» STORED DATA
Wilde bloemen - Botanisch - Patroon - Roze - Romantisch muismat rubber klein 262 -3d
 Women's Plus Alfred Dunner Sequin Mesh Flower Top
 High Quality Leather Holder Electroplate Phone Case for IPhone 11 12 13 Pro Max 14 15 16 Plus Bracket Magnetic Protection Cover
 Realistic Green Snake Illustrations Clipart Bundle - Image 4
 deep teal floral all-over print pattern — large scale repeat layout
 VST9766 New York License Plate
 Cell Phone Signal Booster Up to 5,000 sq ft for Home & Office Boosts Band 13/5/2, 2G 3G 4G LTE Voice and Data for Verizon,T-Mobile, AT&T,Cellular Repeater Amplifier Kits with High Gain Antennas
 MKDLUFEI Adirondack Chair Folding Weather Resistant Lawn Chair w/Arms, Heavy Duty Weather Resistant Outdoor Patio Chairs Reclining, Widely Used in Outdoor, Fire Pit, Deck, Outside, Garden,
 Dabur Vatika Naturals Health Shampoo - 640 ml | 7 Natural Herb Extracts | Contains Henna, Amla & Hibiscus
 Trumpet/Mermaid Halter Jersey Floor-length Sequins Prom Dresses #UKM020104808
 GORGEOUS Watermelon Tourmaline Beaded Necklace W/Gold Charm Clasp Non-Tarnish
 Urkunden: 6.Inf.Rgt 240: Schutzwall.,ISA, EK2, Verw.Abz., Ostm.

» EXERCISE DIRECTIONS
Word search in the records above: please count the lines holding "High" and state the count alone.

» ANSWER
2